Tourism promotion must consider impact
The Hawai'i Supreme Court's ruling on a lawsuit brought by the Sierra Club to force an environmental assessment of tourism promotion spending was based on a relatively narrow legal point.
The court, in a 3-2 decision, said the Sierra Club's Hawai'i Chapter didn't have the standing to force the Hawai'i Tourism Authority to conduct the assessment.
That may be so. But the underlying issues brought forward by the lawsuit remain valid and should not be dismissed by the Authority. In fact, it appears that the Authority is already moving forward to consider at least some of the issues brought up by the Sierra Club.
That's a positive sign.
In essence, the Sierra Club's lawsuit only stated the obvious: When you spent upwards of $60 million a year promoting visits to the Islands, you are bound to have some impact, both physically and socially.

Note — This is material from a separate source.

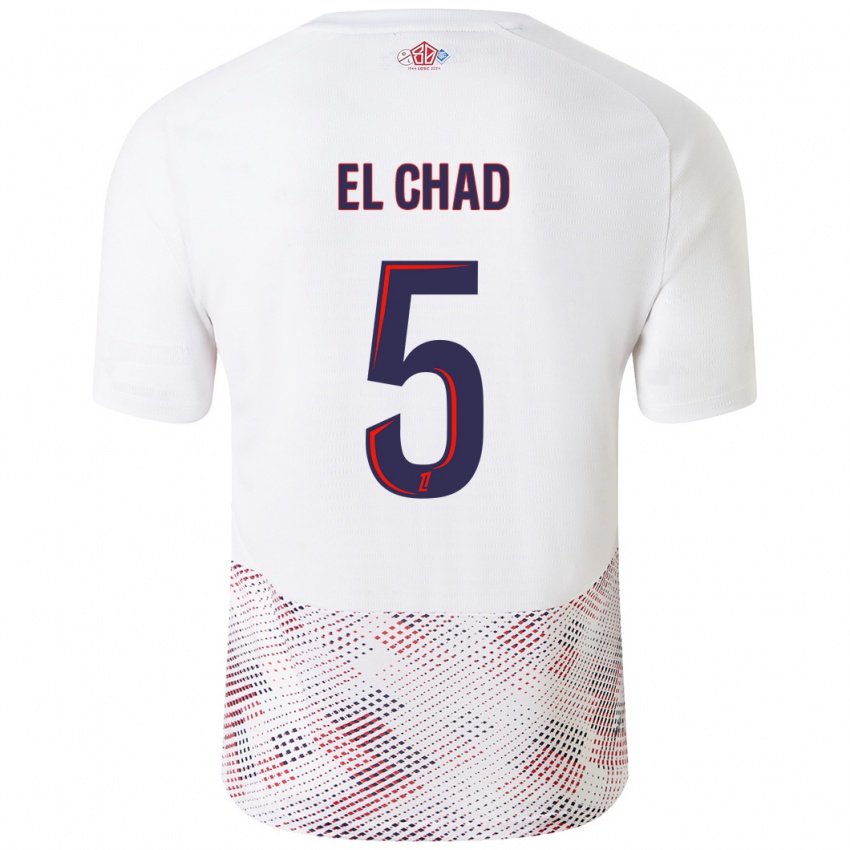 Niño Camiseta Nesryne El Chad #5 Blanco Azul Real 2ª Equipación 2024/25 La Camisa Chile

Will the growth in tourism be where we want it? Will the jobs be the kind we value? Is the host culture prepared to accept more visitors with losing the very qualities that attract people in the first place?
These are fundamental questions and they have been asked in various studies and reports almost since the first days of mass tourism.
Tony Vericella, president and chief executive of the Hawai'i Visitor & Convention Bureau, said many of the Club's concerns are being addressed by carrying capacity studies for each island. These studies look at how much tourism the islands can handle from social, cultural, environmental and economic perspectives.
Done right and treated respectfully, such studies can go a long way toward guiding our tourism promotion spending so that we attract the right kind of visitors to the right places.